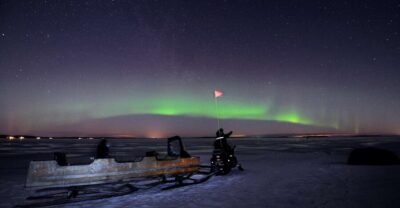 Luleå : Northern Lights Tour on a Snowmobile drawn Sled - The Sled Comfort Factor: Reindeer Pelts, Blankets, and Warm Gear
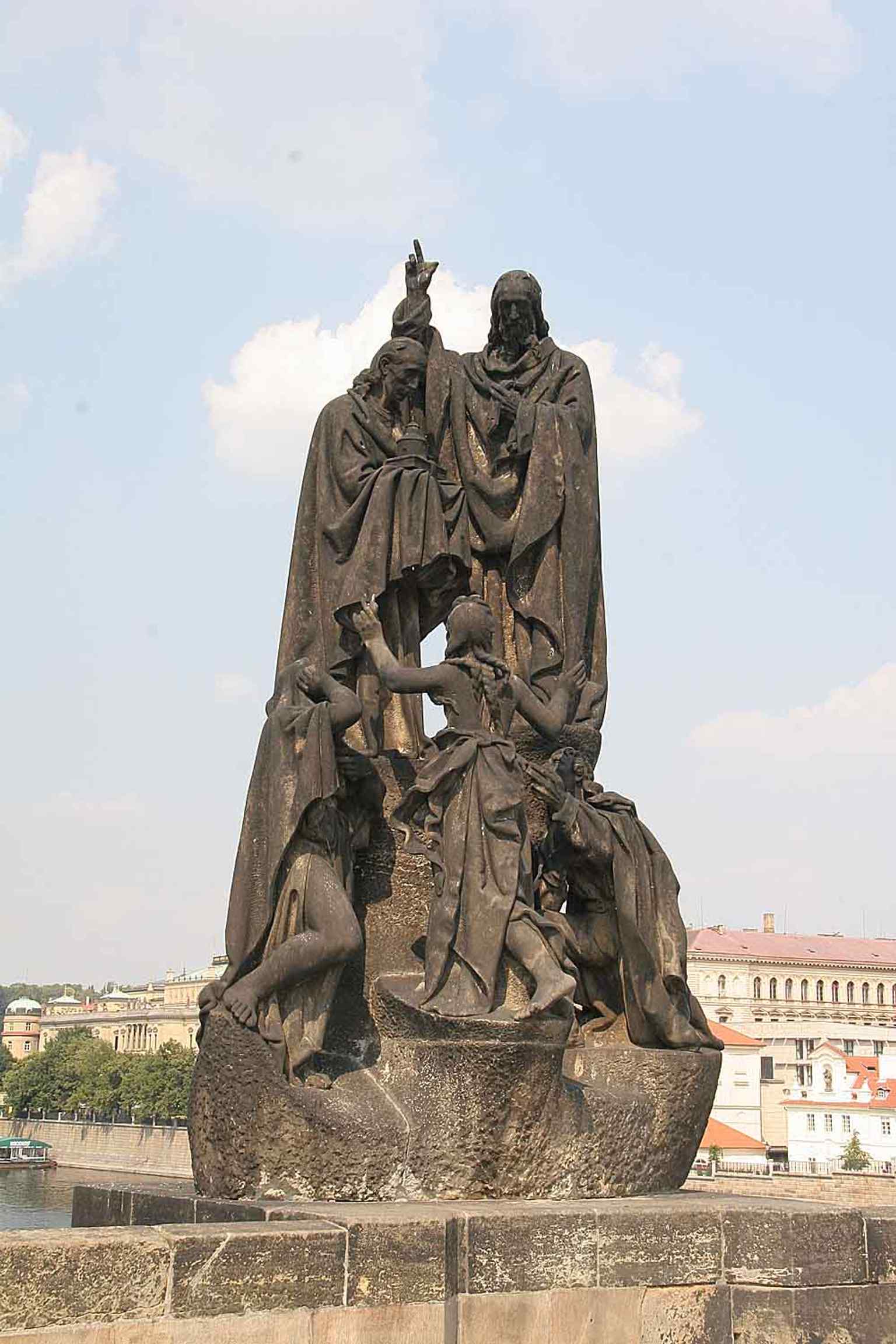 This sculpture replaced a Baroque statue of Saint Ignatius of Loyola, which was tragically lost along with parts of the bridge during the catastrophic 1890 Vltava River flood.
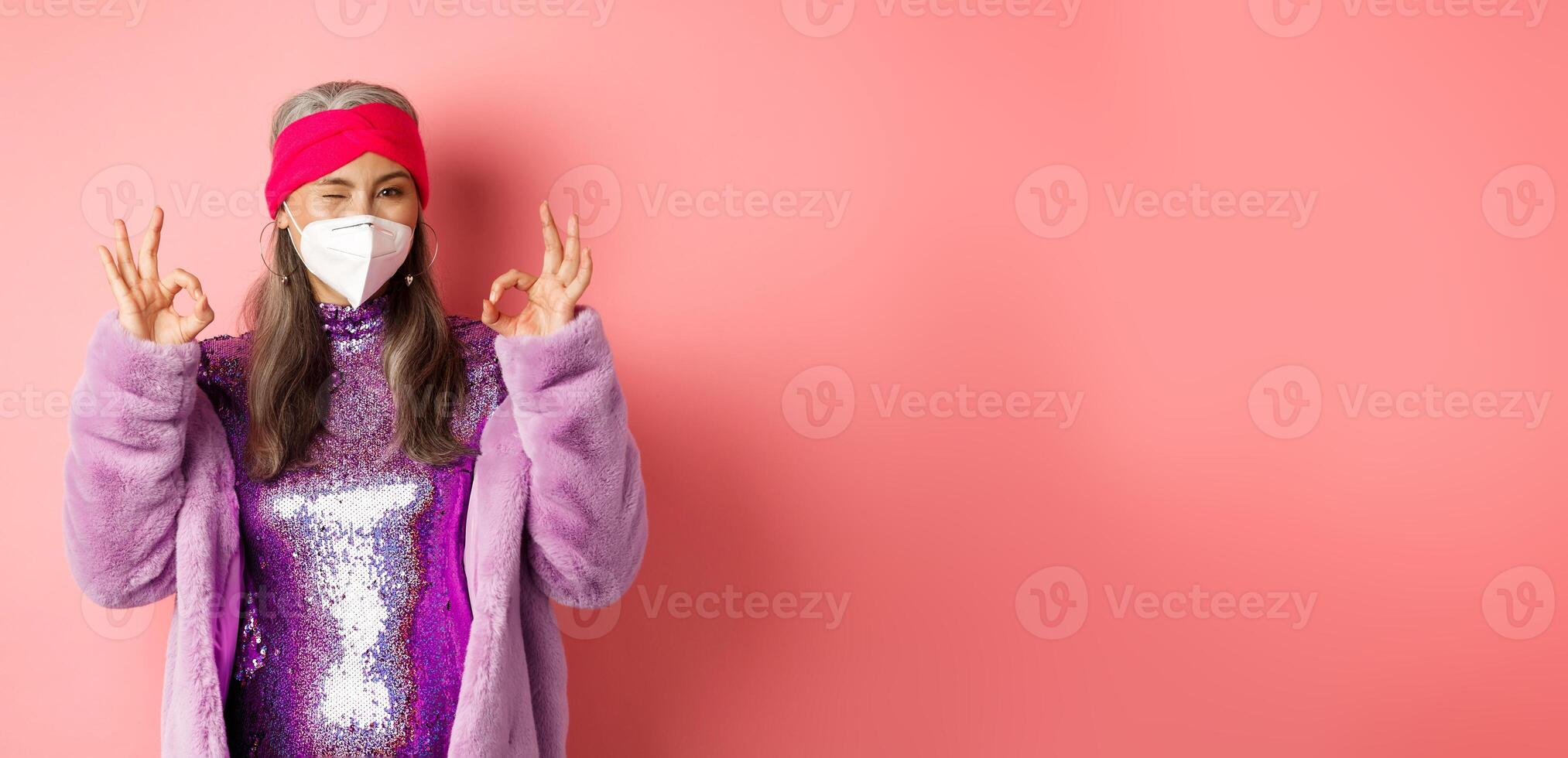 Covid-19, pandemic and fashion concept. Awesome asian grandmother wearing stylish disco dress and respirator, showing okay signs and winking, no proble gesture photo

-- What is expected --
Nothing but the pictures is to be left out; repeat the data exactly.

-- Response to the exercise --
 Luleå : Northern Lights Tour on a Snowmobile drawn Sled - The Sled Comfort Factor: Reindeer Pelts, Blankets, and Warm Gear
 This sculpture replaced a Baroque statue of Saint Ignatius of Loyola, which was tragically lost along with parts of the bridge during the catastrophic 1890 Vltava River flood.
 Covid-19, pandemic and fashion concept. Awesome asian grandmother wearing stylish disco dress and respirator, showing okay signs and winking, no proble gesture photo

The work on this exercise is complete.